Task to complete:
All lines below starting at the one that holds "J.Crew Mens 100%" and ending at the one that holds "Fiat Duacto Brygadówka" should be printed exactly, ends included. Pictures should not be printed, nor anything else.

Given entries:
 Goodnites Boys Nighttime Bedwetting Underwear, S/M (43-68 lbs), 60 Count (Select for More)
==
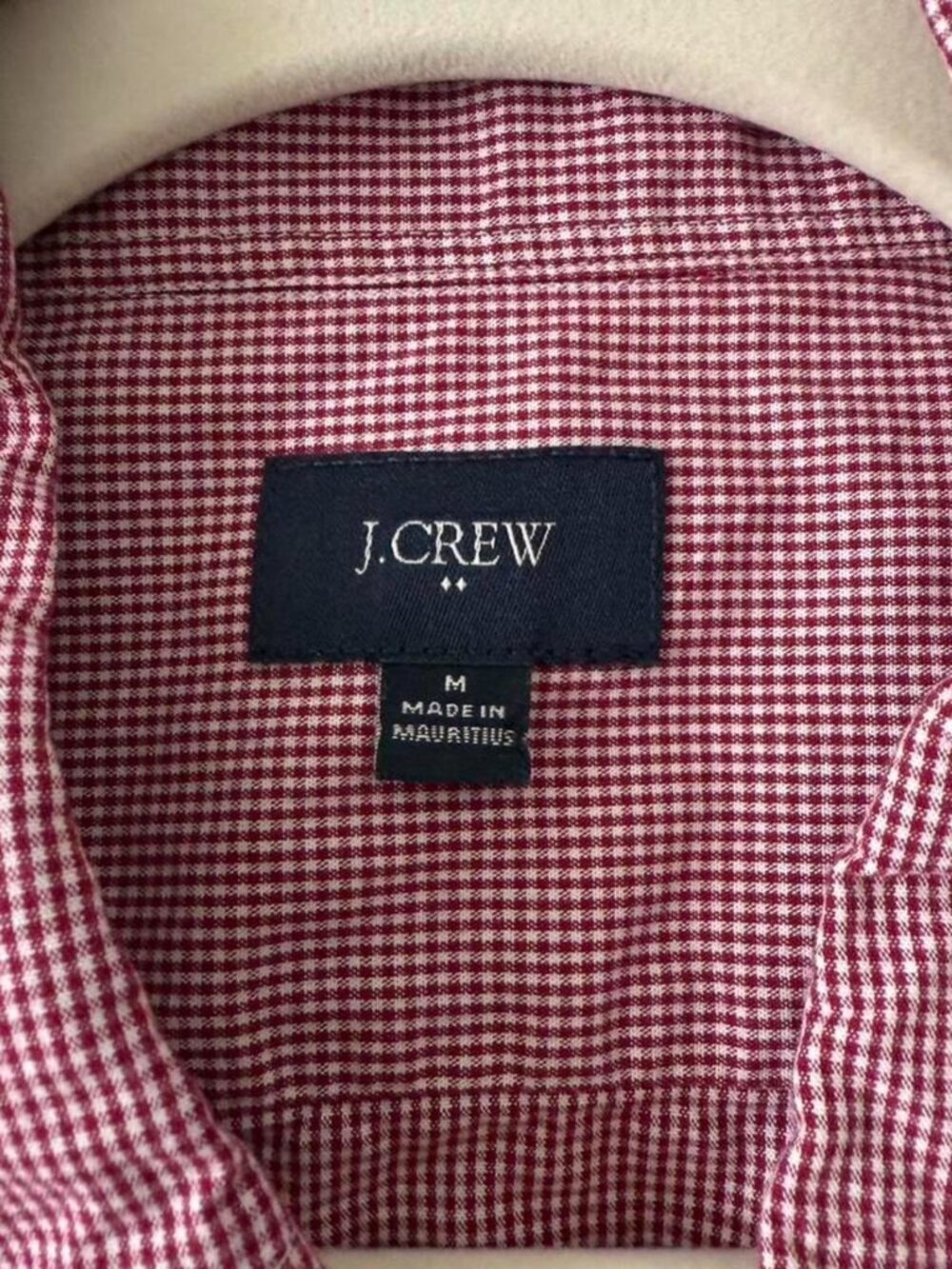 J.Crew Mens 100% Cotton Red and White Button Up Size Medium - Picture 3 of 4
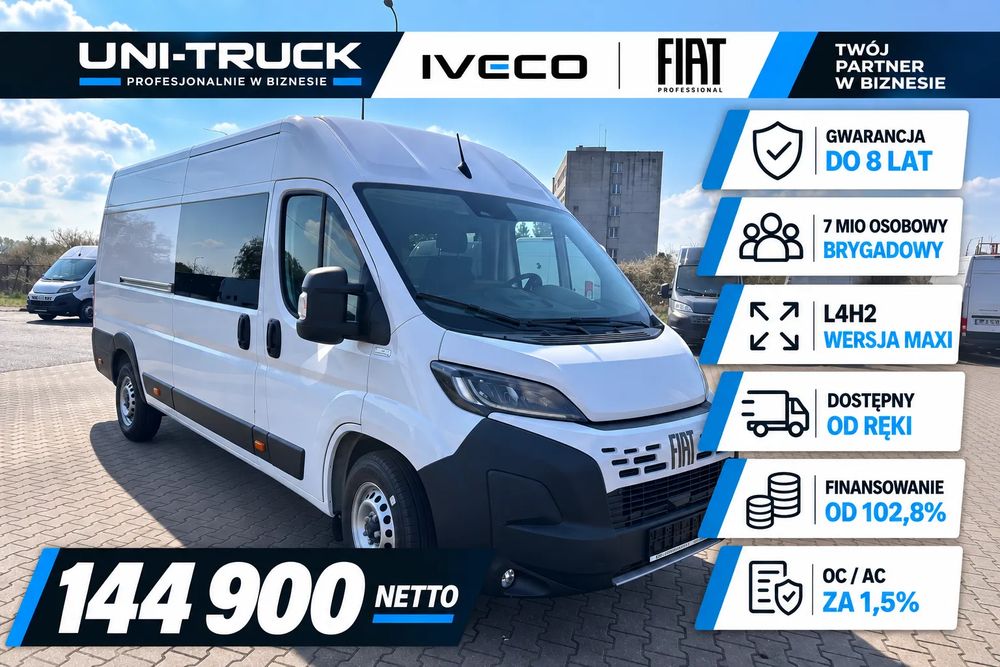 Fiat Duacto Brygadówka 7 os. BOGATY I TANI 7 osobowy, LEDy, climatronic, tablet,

Your response:
 J.Crew Mens 100% Cotton Red and White Button Up Size Medium - Picture 3 of 4
 Fiat Duacto Brygadówka 7 os. BOGATY I TANI 7 osobowy, LEDy, climatronic, tablet,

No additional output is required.